▸ Information:
※ ※ ※
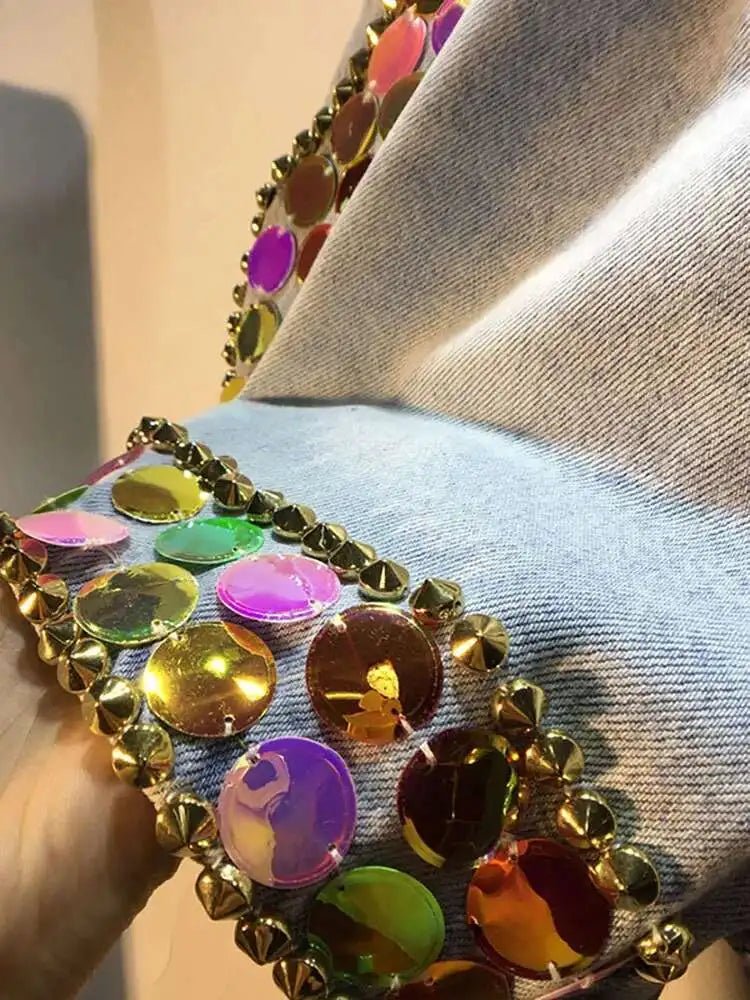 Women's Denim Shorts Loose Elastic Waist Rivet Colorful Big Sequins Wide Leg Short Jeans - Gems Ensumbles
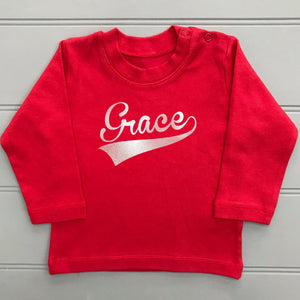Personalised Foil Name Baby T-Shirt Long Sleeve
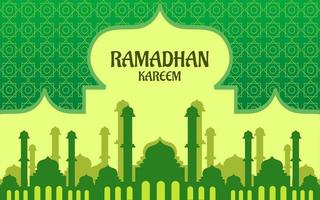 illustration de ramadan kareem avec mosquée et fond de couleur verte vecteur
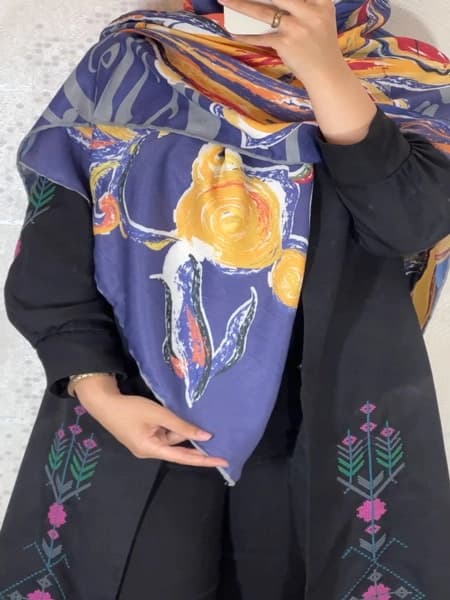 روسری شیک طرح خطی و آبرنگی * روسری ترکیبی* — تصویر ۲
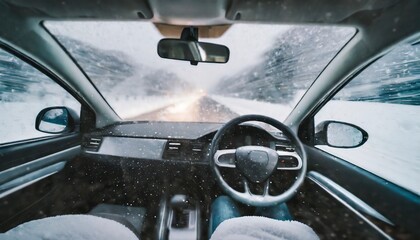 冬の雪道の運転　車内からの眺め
※ ※ ※
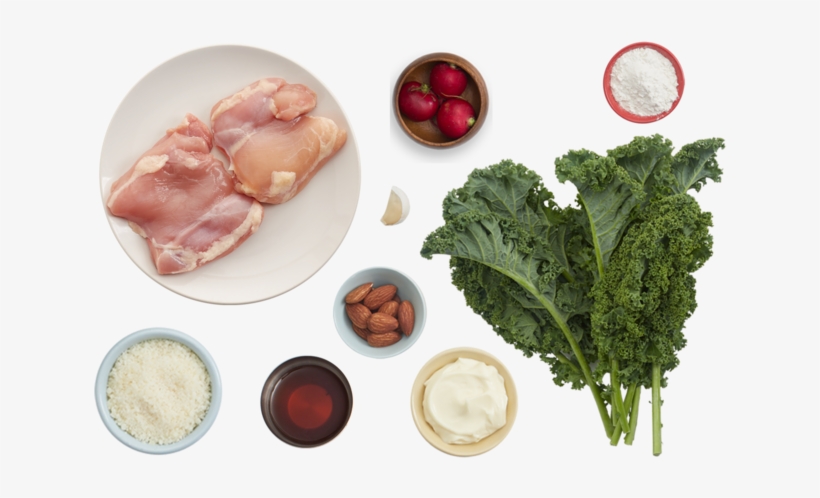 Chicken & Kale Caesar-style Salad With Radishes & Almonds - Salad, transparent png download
※ ※ ※
▸ Work to complete:
Pictures aside, print exactly the lines above starting with the one containing "روسری شیک طرح" and going on through the one containing "冬の雪道の運転　車内からの眺め".

▸ Answer section:
 روسری شیک طرح خطی و آبرنگی * روسری ترکیبی* — تصویر ۲
 冬の雪道の運転　車内からの眺め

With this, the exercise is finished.